• _Assigned task_
Produce the listing below again, exactly as shown.

• _Excerpted records_
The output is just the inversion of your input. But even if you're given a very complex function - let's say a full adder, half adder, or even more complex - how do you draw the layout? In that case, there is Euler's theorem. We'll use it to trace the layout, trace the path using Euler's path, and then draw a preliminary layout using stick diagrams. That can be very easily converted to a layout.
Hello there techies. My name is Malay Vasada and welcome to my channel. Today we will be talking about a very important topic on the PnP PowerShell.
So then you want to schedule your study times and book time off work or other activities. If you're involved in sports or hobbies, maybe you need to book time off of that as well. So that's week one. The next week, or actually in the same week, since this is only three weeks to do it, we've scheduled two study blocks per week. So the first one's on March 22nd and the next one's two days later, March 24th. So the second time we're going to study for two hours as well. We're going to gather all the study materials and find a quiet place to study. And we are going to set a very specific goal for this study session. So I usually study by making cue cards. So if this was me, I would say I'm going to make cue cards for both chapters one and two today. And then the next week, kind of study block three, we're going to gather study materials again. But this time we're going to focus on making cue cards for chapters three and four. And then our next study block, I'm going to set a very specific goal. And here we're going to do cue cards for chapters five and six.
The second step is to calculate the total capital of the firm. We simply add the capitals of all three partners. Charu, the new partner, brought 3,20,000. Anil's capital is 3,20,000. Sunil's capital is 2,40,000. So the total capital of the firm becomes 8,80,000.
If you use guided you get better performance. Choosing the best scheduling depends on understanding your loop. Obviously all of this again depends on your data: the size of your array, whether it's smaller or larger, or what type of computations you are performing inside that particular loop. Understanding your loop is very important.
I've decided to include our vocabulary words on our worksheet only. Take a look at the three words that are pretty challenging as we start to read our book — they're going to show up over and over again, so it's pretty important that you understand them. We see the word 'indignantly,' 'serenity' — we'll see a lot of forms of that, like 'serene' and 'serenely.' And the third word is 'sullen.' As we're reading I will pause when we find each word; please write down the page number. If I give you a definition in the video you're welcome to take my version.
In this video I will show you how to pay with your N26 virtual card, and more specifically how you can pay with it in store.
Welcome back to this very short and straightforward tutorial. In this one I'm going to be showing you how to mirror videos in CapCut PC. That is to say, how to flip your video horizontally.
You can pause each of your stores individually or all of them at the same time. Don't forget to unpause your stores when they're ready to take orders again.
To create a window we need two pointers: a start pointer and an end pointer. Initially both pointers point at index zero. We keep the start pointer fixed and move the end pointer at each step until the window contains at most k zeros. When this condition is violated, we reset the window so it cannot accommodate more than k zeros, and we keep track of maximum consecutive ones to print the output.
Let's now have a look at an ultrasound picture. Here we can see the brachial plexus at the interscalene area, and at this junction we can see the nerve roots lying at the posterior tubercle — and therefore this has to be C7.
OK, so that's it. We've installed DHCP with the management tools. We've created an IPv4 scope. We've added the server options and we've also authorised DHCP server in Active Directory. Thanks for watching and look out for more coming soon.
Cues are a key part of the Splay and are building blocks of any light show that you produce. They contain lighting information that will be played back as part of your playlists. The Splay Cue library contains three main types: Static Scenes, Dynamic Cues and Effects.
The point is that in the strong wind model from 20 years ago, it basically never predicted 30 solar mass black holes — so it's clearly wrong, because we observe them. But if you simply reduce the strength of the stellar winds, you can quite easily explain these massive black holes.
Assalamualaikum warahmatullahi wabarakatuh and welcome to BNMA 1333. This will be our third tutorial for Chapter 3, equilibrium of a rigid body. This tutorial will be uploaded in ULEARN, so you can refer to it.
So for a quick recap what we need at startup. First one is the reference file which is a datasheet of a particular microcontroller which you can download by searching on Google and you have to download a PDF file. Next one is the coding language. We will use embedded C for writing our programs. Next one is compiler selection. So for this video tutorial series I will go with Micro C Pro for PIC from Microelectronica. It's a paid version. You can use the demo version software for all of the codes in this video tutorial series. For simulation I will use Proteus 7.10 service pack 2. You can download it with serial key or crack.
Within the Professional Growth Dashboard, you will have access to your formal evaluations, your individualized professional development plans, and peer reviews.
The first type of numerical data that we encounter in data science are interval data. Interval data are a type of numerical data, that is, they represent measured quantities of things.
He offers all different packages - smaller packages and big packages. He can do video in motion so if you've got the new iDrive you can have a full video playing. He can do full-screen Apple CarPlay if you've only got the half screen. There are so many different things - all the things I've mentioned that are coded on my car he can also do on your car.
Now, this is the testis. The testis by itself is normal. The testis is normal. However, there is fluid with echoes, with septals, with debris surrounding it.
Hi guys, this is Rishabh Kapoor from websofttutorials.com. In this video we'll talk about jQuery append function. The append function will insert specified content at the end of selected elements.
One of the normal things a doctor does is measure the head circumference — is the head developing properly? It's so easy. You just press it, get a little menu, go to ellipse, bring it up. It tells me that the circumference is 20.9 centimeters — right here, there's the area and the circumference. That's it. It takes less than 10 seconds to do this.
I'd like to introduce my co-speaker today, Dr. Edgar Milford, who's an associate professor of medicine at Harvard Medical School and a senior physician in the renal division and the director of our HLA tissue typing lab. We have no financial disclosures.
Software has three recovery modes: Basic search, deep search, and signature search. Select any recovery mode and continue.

• _Written reply_
The output is just the inversion of your input. But even if you're given a very complex function - let's say a full adder, half adder, or even more complex - how do you draw the layout? In that case, there is Euler's theorem. We'll use it to trace the layout, trace the path using Euler's path, and then draw a preliminary layout using stick diagrams. That can be very easily converted to a layout.
Hello there techies. My name is Malay Vasada and welcome to my channel. Today we will be talking about a very important topic on the PnP PowerShell.
So then you want to schedule your study times and book time off work or other activities. If you're involved in sports or hobbies, maybe you need to book time off of that as well. So that's week one. The next week, or actually in the same week, since this is only three weeks to do it, we've scheduled two study blocks per week. So the first one's on March 22nd and the next one's two days later, March 24th. So the second time we're going to study for two hours as well. We're going to gather all the study materials and find a quiet place to study. And we are going to set a very specific goal for this study session. So I usually study by making cue cards. So if this was me, I would say I'm going to make cue cards for both chapters one and two today. And then the next week, kind of study block three, we're going to gather study materials again. But this time we're going to focus on making cue cards for chapters three and four. And then our next study block, I'm going to set a very specific goal. And here we're going to do cue cards for chapters five and six.
The second step is to calculate the total capital of the firm. We simply add the capitals of all three partners. Charu, the new partner, brought 3,20,000. Anil's capital is 3,20,000. Sunil's capital is 2,40,000. So the total capital of the firm becomes 8,80,000.
If you use guided you get better performance. Choosing the best scheduling depends on understanding your loop. Obviously all of this again depends on your data: the size of your array, whether it's smaller or larger, or what type of computations you are performing inside that particular loop. Understanding your loop is very important.
I've decided to include our vocabulary words on our worksheet only. Take a look at the three words that are pretty challenging as we start to read our book — they're going to show up over and over again, so it's pretty important that you understand them. We see the word 'indignantly,' 'serenity' — we'll see a lot of forms of that, like 'serene' and 'serenely.' And the third word is 'sullen.' As we're reading I will pause when we find each word; please write down the page number. If I give you a definition in the video you're welcome to take my version.
In this video I will show you how to pay with your N26 virtual card, and more specifically how you can pay with it in store.
Welcome back to this very short and straightforward tutorial. In this one I'm going to be showing you how to mirror videos in CapCut PC. That is to say, how to flip your video horizontally.
You can pause each of your stores individually or all of them at the same time. Don't forget to unpause your stores when they're ready to take orders again.
To create a window we need two pointers: a start pointer and an end pointer. Initially both pointers point at index zero. We keep the start pointer fixed and move the end pointer at each step until the window contains at most k zeros. When this condition is violated, we reset the window so it cannot accommodate more than k zeros, and we keep track of maximum consecutive ones to print the output.
Let's now have a look at an ultrasound picture. Here we can see the brachial plexus at the interscalene area, and at this junction we can see the nerve roots lying at the posterior tubercle — and therefore this has to be C7.
OK, so that's it. We've installed DHCP with the management tools. We've created an IPv4 scope. We've added the server options and we've also authorised DHCP server in Active Directory. Thanks for watching and look out for more coming soon.
Cues are a key part of the Splay and are building blocks of any light show that you produce. They contain lighting information that will be played back as part of your playlists. The Splay Cue library contains three main types: Static Scenes, Dynamic Cues and Effects.
The point is that in the strong wind model from 20 years ago, it basically never predicted 30 solar mass black holes — so it's clearly wrong, because we observe them. But if you simply reduce the strength of the stellar winds, you can quite easily explain these massive black holes.
Assalamualaikum warahmatullahi wabarakatuh and welcome to BNMA 1333. This will be our third tutorial for Chapter 3, equilibrium of a rigid body. This tutorial will be uploaded in ULEARN, so you can refer to it.
So for a quick recap what we need at startup. First one is the reference file which is a datasheet of a particular microcontroller which you can download by searching on Google and you have to download a PDF file. Next one is the coding language. We will use embedded C for writing our programs. Next one is compiler selection. So for this video tutorial series I will go with Micro C Pro for PIC from Microelectronica. It's a paid version. You can use the demo version software for all of the codes in this video tutorial series. For simulation I will use Proteus 7.10 service pack 2. You can download it with serial key or crack.
Within the Professional Growth Dashboard, you will have access to your formal evaluations, your individualized professional development plans, and peer reviews.
The first type of numerical data that we encounter in data science are interval data. Interval data are a type of numerical data, that is, they represent measured quantities of things.
He offers all different packages - smaller packages and big packages. He can do video in motion so if you've got the new iDrive you can have a full video playing. He can do full-screen Apple CarPlay if you've only got the half screen. There are so many different things - all the things I've mentioned that are coded on my car he can also do on your car.
Now, this is the testis. The testis by itself is normal. The testis is normal. However, there is fluid with echoes, with septals, with debris surrounding it.
Hi guys, this is Rishabh Kapoor from websofttutorials.com. In this video we'll talk about jQuery append function. The append function will insert specified content at the end of selected elements.
One of the normal things a doctor does is measure the head circumference — is the head developing properly? It's so easy. You just press it, get a little menu, go to ellipse, bring it up. It tells me that the circumference is 20.9 centimeters — right here, there's the area and the circumference. That's it. It takes less than 10 seconds to do this.
I'd like to introduce my co-speaker today, Dr. Edgar Milford, who's an associate professor of medicine at Harvard Medical School and a senior physician in the renal division and the director of our HLA tissue typing lab. We have no financial disclosures.
Software has three recovery modes: Basic search, deep search, and signature search. Select any recovery mode and continue.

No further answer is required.